Data provided ->
######
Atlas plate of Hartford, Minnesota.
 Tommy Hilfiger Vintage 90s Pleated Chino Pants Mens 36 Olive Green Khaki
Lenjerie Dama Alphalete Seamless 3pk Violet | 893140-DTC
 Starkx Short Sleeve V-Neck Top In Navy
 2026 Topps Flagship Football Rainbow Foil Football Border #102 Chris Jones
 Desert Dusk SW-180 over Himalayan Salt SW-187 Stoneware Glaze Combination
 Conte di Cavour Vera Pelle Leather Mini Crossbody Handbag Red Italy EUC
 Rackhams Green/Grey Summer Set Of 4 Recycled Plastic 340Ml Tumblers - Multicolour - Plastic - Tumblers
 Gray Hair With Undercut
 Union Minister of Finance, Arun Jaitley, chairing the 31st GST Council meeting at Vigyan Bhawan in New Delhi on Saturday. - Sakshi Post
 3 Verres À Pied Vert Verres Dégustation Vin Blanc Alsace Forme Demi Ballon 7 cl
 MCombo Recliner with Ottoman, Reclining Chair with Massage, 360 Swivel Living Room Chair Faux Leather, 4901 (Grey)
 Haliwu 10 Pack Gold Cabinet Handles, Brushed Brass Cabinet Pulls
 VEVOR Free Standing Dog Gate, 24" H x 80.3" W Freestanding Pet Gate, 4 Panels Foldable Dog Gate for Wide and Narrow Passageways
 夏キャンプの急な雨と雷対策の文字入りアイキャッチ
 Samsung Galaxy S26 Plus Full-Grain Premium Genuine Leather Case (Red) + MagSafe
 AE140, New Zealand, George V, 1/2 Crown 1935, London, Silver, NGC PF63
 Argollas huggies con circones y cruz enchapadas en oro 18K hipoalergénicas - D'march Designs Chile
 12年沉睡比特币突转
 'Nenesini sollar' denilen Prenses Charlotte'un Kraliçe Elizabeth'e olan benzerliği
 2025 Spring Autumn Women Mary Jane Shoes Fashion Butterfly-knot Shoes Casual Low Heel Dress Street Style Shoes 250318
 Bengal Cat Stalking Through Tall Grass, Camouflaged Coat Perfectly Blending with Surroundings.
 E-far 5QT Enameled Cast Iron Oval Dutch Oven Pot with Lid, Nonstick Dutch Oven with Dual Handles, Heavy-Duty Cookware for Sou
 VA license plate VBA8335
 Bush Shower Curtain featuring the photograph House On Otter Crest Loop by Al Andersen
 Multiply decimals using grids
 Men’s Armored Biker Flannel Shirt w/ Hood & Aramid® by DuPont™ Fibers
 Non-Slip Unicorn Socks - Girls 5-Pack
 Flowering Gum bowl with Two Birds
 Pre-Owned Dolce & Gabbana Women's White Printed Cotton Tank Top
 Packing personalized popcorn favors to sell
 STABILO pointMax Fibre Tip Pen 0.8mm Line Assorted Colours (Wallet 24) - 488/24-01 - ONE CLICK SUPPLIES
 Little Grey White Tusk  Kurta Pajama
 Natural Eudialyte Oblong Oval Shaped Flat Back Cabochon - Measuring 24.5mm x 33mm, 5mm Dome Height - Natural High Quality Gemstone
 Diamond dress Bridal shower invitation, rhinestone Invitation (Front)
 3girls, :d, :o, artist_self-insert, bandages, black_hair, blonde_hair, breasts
######
How to complete this task -> Print, exactly as given, the lines from the one with "Bengal Cat Stalking" through the last line of the material above, and no others.

Answer to the problem ->
 Bengal Cat Stalking Through Tall Grass, Camouflaged Coat Perfectly Blending with Surroundings.
 E-far 5QT Enameled Cast Iron Oval Dutch Oven Pot with Lid, Nonstick Dutch Oven with Dual Handles, Heavy-Duty Cookware for Sou
 VA license plate VBA8335
 Bush Shower Curtain featuring the photograph House On Otter Crest Loop by Al Andersen
 Multiply decimals using grids
 Men’s Armored Biker Flannel Shirt w/ Hood & Aramid® by DuPont™ Fibers
 Non-Slip Unicorn Socks - Girls 5-Pack
 Flowering Gum bowl with Two Birds
 Pre-Owned Dolce & Gabbana Women's White Printed Cotton Tank Top
 Packing personalized popcorn favors to sell
 STABILO pointMax Fibre Tip Pen 0.8mm Line Assorted Colours (Wallet 24) - 488/24-01 - ONE CLICK SUPPLIES
 Little Grey White Tusk  Kurta Pajama
 Natural Eudialyte Oblong Oval Shaped Flat Back Cabochon - Measuring 24.5mm x 33mm, 5mm Dome Height - Natural High Quality Gemstone
 Diamond dress Bridal shower invitation, rhinestone Invitation (Front)
 3girls, :d, :o, artist_self-insert, bandages, black_hair, blonde_hair, breasts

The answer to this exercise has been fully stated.